Nothing wrong with your approach, but this is similar to the Autovivification feature of Perl, which has been implemented in Python in this question. Props to #nosklo for this.
class RecursiveDict(dict):
"""Implementation of perl's autovivification feature."""
def __getitem__(self, item):
try:
return dict.__getitem__(self, item)
except KeyError:
value = self[item] = type(self)()
return value
>>> a = RecursiveDict()
>>> a[1][2][3] = 4
>>> dict(a)
{1: {2: {3: 4}}}
EDIT
As suggested by #Rosh Oxymoron, using __missing__ results in a more concise implementation. Requires Python >= 2.5
class RecursiveDict(dict):
"""Implementation of perl's autovivification feature."""
def __missing__(self, key):
value = self[key] = type(self)()
return value

Do you want just to print it like a dict ? use this:
from collections import defaultdict
class RecursiveDict(defaultdict):
'''
A recursive default dict.
>>> a = RecursiveDict()
>>> a[1][2][3] = 4
>>> a.dictify()
{1: {2: {3: 4}}}
>>> dict(a)
{1: {2: {3: 4}}}
'''
def __init__(self):
super(RecursiveDict, self).__init__(RecursiveDict)
def dictify(self):
'''Get a standard dictionary of the items in the tree.'''
return dict([(k, (v.dictify() if isinstance(v, dict) else v))
for (k, v) in self.items()])
def __dict__(self):
'''Get a standard dictionary of the items in the tree.'''
print [(k, v) for (k, v) in self.items()]
return dict([(k, (dict(v) if isinstance(v, dict) else v))
for (k, v) in self.items()])
def __repr__(self):
return repr(self.dictify())
Maybe you are looking for __missing__ :
class RecursiveDict(dict):
'''
A recursive default dict.
>>> a = RecursiveDict()
>>> a[1][2][3] = 4
>>> a
{1: {2: {3: 4}}}
>>> dict(a)
{1: {2: {3: 4}}}
'''
def __missing__(self, key):
self[key] = self.__class__()
return self[key]

edit: As ironchefpython pointed out in comments, this isn't actually doing what I thought it did, as in my example b[1] is still a RecursiveDict.
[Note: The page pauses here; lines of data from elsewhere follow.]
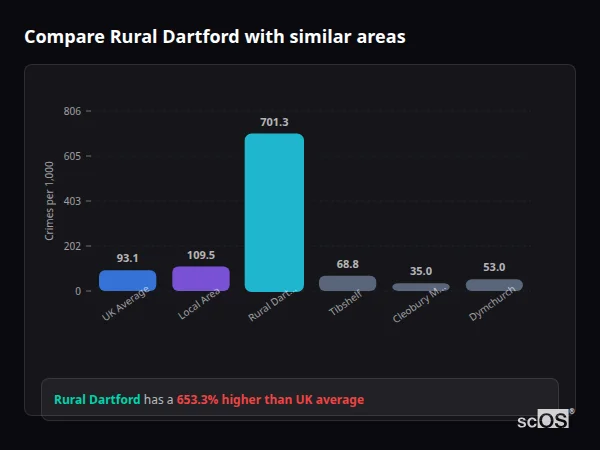 Compare Rural Dartford with similar populations Compare Rural Dartford with similar populations - Rural Dartford crime rate is 653.3% higher than UK average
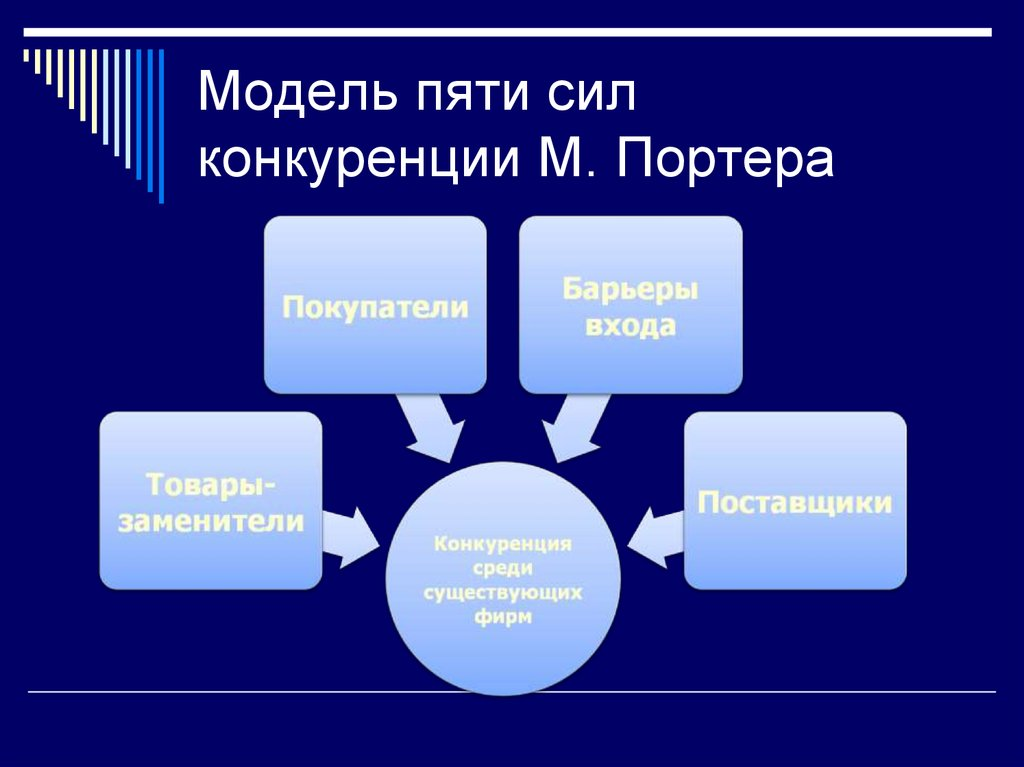 Пять сил. Модель 5 сил конкуренции Портера. 5 Сил конкуренции по Портеру + и - модели. М Портер 5 сил конкуренции. Модель пяти сил конкуренции по м. Портеру.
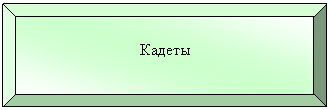 Багетная рамка: Кадеты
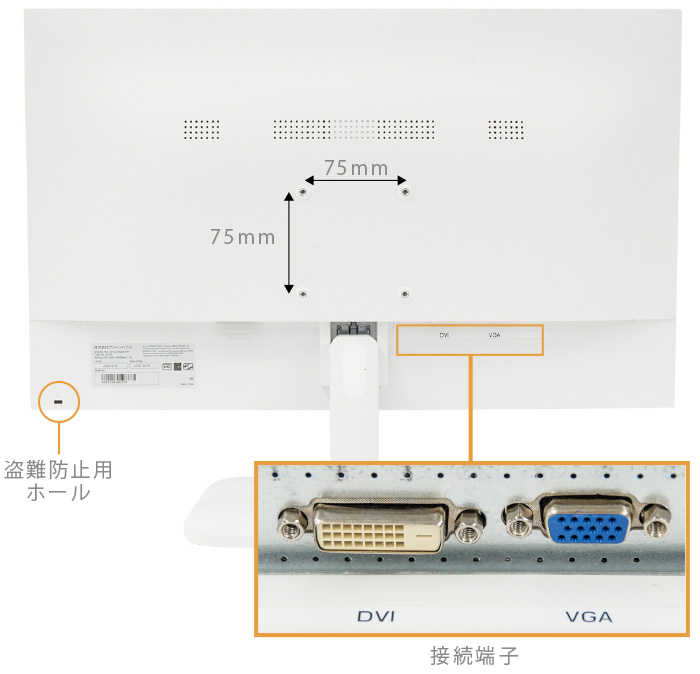HDCPに対応したDVI-D端子＆アナログ端子の2系統入力に対応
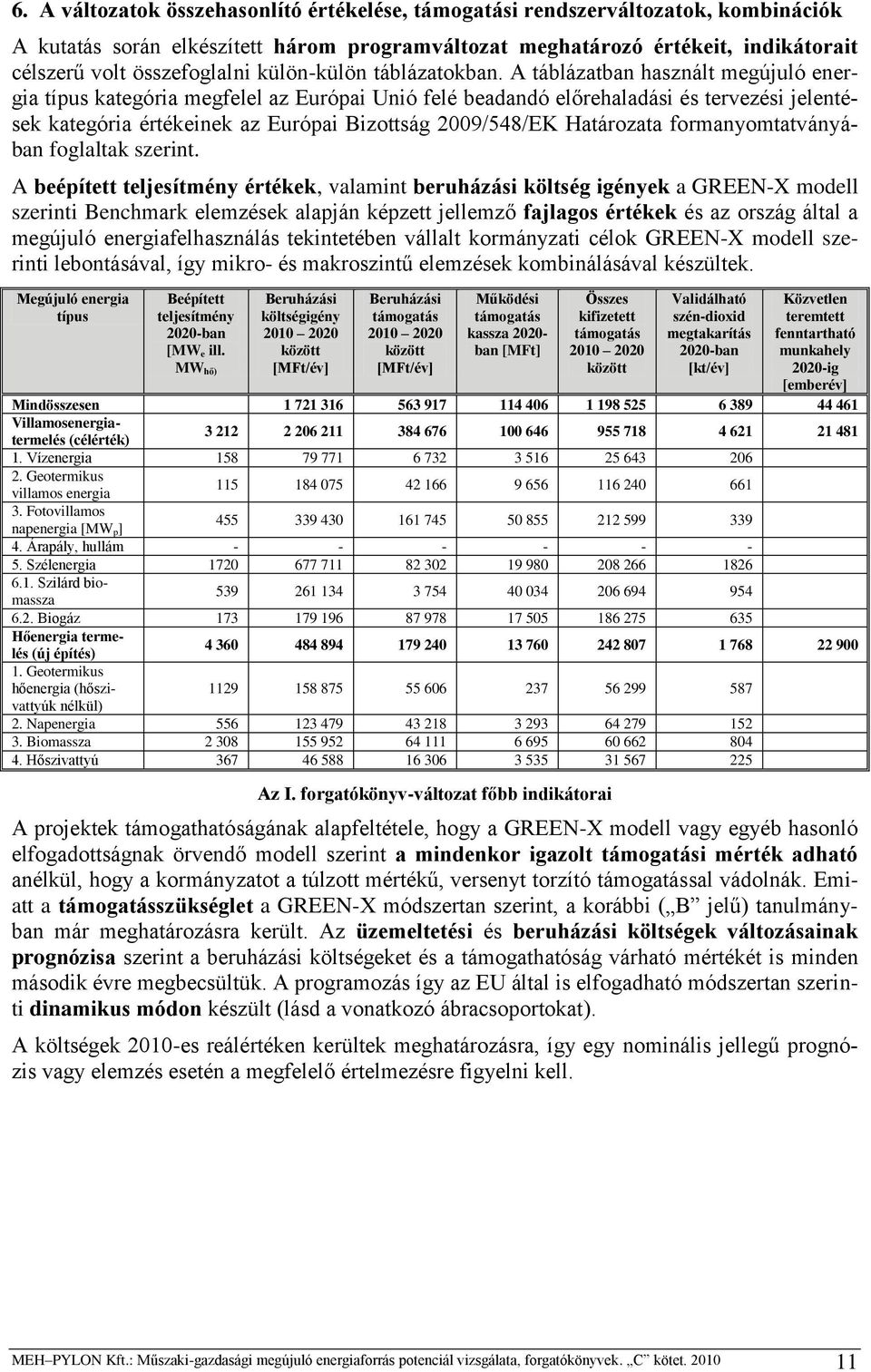 A táblázatban használt megújuló energia típus kategória megfelel az Európai Unió felé beadandó előrehaladási és tervezési jelentések kategória értékeinek az Európai Bizottság 2009/548/EK Határozata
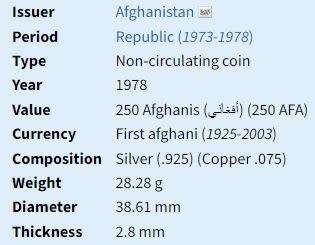 Afghanistan: 1978 Proof Silver 250 Afghanis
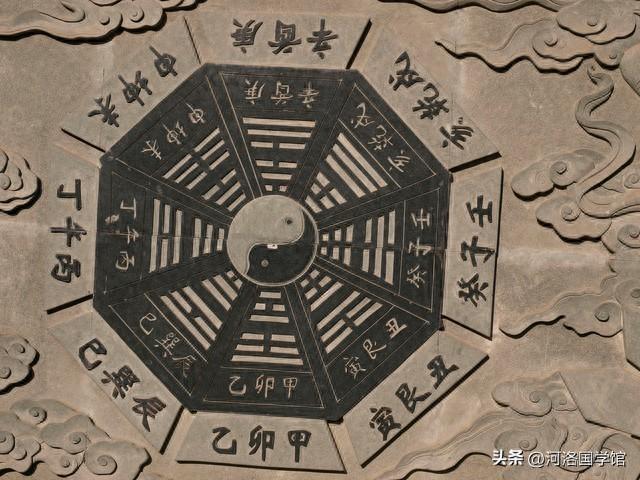“易经八卦速记法！‘乾三连、坤六断’一招背熟，小白秒变高手”-1.jpg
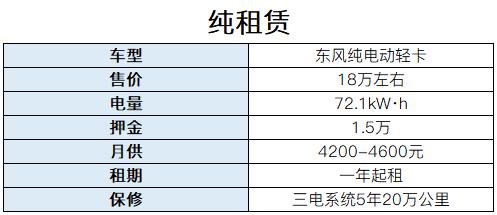 微轻卡货车推荐,推荐几款新能源微面货车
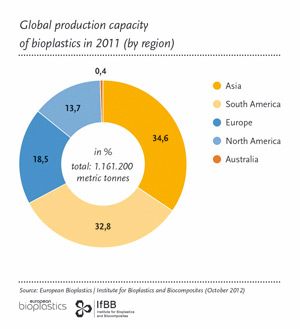 Global production capacity bioplastics in 2011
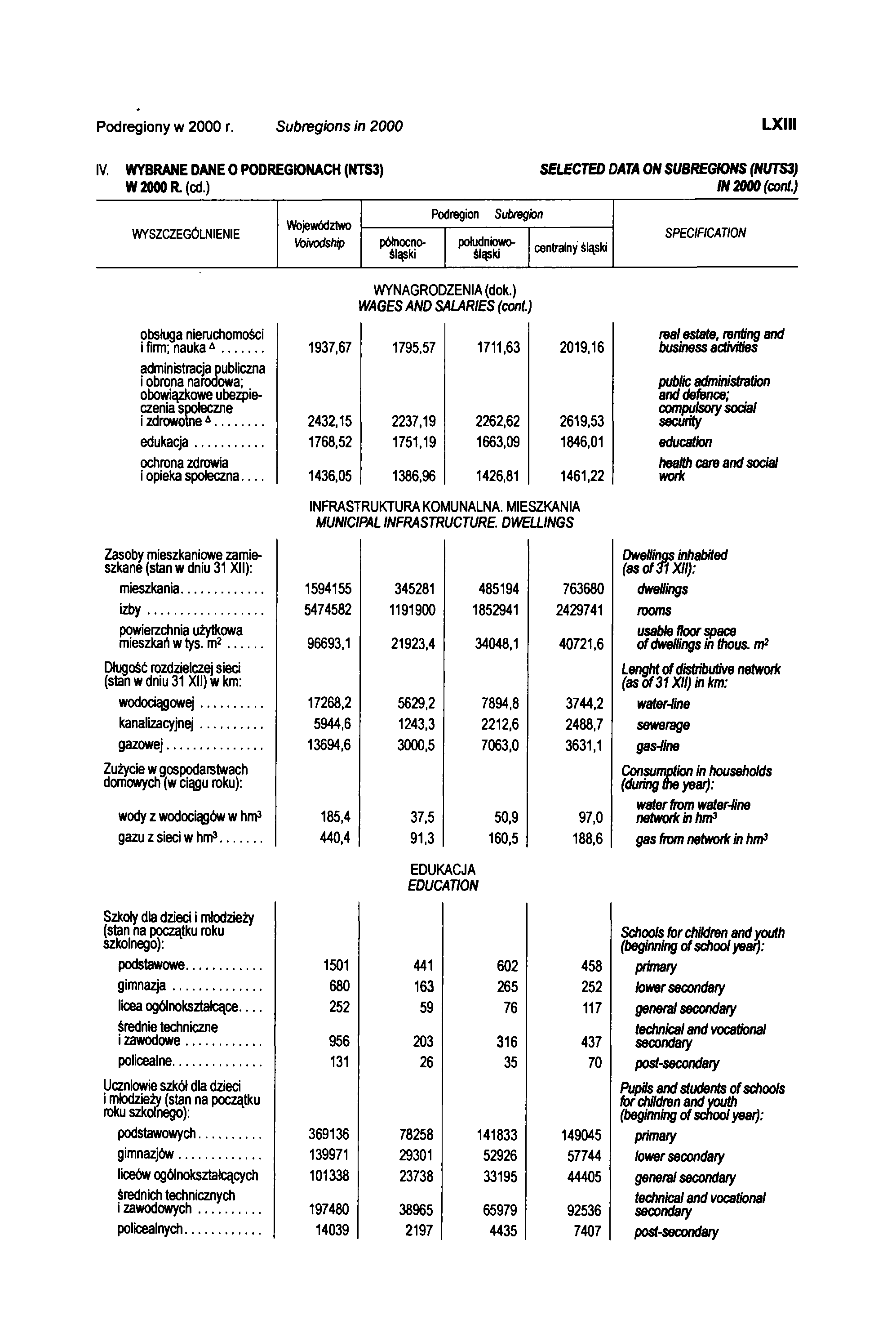 Podregiony w 2000 r. Subregions in 2000 LXIII IV. WYBRANE DANE O PODREGIONACH (NTS3) W 2000 R. (Cd) SELECTED DATA ON SUBREGIONS (NUTS3) IN 2000 (cont.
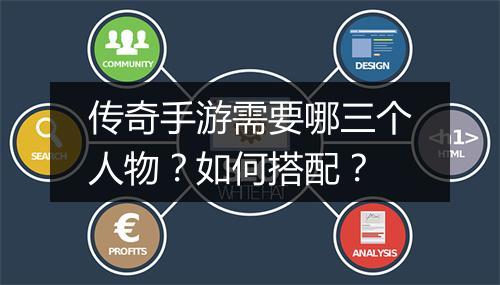 传奇手游需要哪三个人物？如何搭配？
This may still be useful, as you essentially get an object pretty similar Rob Cowie's answer, but it is built on defaultdict.
You can get the behavior you want (or something very similar) by overriding __repr__, check this out:
class RecursiveDict(defaultdict):
def __init__(self):
super(RecursiveDict, self).__init__(RecursiveDict)
def __repr__(self):
return repr(dict(self))
>>> a = RecursiveDict()
>>> a[1][2][3] = 4
>>> a # a looks like a normal dict since repr is overridden
{1: {2: {3: 4}}}
>>> type(a)
<class '__main__.RecursiveDict'>
>>> b = dict(a)
>>> b # dict(a) gives us a normal dictionary
{1: {2: {3: 4}}}
>>> b[5][6] = 7 # obviously this won't work anymore
Traceback (most recent call last):
File "<stdin>", line 1, in <module>
KeyError: 5
>>> type(b)
<type 'dict'>
There may be a better way to get to a normal dictionary view of the defaultdict than dict(self) but I couldn't find one, comment if you know how.

You can't do it.
I deleted my previous answer, because I found after looking at the source code, that if you call dict(d) on a d that is a subclass of dict, it makes a fast copy of the underlying hash in C, and returns a new dict object.
Sorry.
If you really want this behavior, you'll need to create a RecursiveDict class that doesn't inherit from dict, and implement the __iter__ interface.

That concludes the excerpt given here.